Bullet screen display method and device

Technical Field

The invention relates to the technical field of bullet screen display, in particular to a bullet screen display method and device.

Background

The current bullet screen display technology needs to determine a specific area in advance, shield the bullet screen in the specific area, and display the bullet screen outside the specific area. However, this processing manner fails if an area in the video image, which requires attention to be focused, appears outside a specific area. Based on the current bullet screen display technology, it is difficult to form effective processing for a variety of image contents that need to be processed.

Disclosure of Invention

The bullet screen display method and the bullet screen display device provided by the invention can effectively process bullet screens in non-fixed scenes.

In a first aspect, the present invention provides a bullet screen display method, including:

acquiring a video to be processed;

calculating the time domain significance and the space domain significance of the video image according to the image characteristics of each frame in the video;

generating a binarization mask according to the time domain significance and the space domain significance, wherein the binarization mask comprises an unoccluded area and an occluded area;

and judging the non-shielding area of the bullet screen in the corresponding binaryzation mask according to the preset position information of the bullet screen, and hiding the bullet screen in the non-shielding area.

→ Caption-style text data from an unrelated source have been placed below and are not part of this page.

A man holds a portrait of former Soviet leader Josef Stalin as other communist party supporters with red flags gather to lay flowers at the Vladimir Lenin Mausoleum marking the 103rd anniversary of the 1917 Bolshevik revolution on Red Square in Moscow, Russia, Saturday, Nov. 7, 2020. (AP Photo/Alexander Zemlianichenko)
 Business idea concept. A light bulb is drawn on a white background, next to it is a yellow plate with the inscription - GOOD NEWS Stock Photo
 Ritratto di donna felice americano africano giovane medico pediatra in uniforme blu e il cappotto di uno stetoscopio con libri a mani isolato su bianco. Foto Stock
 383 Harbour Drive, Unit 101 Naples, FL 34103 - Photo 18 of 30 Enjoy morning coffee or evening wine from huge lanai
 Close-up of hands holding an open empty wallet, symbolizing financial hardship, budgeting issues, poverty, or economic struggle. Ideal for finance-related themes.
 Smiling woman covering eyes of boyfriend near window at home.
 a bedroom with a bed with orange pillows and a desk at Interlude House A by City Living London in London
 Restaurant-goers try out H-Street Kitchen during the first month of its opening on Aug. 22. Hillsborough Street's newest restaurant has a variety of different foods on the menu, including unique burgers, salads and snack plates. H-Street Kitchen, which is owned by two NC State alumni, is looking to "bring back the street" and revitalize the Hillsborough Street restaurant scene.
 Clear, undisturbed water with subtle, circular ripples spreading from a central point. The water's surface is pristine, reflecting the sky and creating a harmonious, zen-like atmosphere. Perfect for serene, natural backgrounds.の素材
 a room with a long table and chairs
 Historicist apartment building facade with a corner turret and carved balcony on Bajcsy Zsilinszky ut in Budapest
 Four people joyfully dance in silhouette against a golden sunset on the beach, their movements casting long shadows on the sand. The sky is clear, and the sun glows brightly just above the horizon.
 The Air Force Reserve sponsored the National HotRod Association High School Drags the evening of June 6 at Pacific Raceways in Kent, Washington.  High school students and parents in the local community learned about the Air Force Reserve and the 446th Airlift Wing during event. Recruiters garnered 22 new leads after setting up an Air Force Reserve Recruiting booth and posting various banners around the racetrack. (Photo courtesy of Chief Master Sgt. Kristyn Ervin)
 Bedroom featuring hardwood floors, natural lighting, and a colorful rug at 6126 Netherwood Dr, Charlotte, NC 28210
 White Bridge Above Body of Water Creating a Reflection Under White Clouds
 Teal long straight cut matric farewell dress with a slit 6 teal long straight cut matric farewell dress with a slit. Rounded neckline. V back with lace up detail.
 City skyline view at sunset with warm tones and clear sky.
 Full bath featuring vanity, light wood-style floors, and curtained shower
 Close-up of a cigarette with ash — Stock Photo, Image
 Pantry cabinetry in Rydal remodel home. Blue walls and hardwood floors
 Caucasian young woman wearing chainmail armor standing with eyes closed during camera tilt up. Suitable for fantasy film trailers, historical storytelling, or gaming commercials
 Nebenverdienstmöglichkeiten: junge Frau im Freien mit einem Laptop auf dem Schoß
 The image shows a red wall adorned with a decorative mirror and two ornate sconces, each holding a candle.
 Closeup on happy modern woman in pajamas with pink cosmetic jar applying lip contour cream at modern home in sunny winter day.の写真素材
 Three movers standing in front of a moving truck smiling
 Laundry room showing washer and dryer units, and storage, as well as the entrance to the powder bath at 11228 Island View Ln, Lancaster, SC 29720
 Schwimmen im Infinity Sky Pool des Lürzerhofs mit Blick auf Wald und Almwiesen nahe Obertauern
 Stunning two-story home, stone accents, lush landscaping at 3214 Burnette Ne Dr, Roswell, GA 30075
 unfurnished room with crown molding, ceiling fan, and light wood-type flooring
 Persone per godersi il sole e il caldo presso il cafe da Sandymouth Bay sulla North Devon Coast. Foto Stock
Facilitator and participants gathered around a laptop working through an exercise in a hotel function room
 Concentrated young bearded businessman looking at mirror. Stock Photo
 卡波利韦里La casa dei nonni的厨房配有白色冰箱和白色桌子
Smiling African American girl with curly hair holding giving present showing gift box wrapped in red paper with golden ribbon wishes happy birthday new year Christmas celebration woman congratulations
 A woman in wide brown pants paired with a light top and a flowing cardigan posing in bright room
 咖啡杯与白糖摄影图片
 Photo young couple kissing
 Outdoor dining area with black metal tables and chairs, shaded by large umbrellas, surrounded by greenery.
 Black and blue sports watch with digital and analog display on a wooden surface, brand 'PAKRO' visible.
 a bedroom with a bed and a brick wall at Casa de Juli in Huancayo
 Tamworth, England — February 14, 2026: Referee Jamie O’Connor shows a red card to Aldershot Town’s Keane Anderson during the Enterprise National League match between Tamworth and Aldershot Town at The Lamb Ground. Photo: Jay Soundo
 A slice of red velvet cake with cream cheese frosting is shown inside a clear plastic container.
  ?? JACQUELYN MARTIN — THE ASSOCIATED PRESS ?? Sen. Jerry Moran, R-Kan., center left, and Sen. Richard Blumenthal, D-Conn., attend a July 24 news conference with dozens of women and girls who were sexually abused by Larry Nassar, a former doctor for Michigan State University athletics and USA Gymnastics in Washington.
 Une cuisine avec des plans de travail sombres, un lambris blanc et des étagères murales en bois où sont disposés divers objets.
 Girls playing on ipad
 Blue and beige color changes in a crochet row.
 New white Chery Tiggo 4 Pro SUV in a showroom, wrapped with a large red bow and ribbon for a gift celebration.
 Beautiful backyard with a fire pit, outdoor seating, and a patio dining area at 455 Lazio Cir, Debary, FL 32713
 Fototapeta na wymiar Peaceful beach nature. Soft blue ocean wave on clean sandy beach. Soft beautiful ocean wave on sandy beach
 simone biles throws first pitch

Optionally, the calculating the temporal saliency and the spatial saliency of the video image according to the image feature of each frame in the video includes:

calculating the spatial domain significance of each frame of the video according to the brightness, the chrominance and the texture characteristics;

selecting two frames with a preset frame interval from a video to be processed, and extracting optical flow characteristics of a foreground object of a next frame relative to a foreground object of a previous frame in the two frames; and calculating the unit modulus value of the optical flow according to the optical flow feature, and taking the unit modulus value of the optical flow as the time domain saliency.

Optionally, the calculating a unit modulus value of the optical flow as the temporal saliency includes, from the optical flow characteristics of the foreground object of the next frame with respect to the foreground object of the previous frame among two frames spaced by a predetermined frame:

dividing each frame into a preset number of regions to be processed according to the scene type, calculating the distance between the regions to be processed of the same scene type in the two frames, and dividing the two frames into a set of frames of the same scene when the distance is within a preset threshold value;

selecting two frames of a frame set of the same scene at intervals of a preset frame, extracting the optical flow characteristics of a foreground object of a next frame relative to a foreground object of a previous frame, and calculating the unit modulus value of the optical flow as the time domain saliency.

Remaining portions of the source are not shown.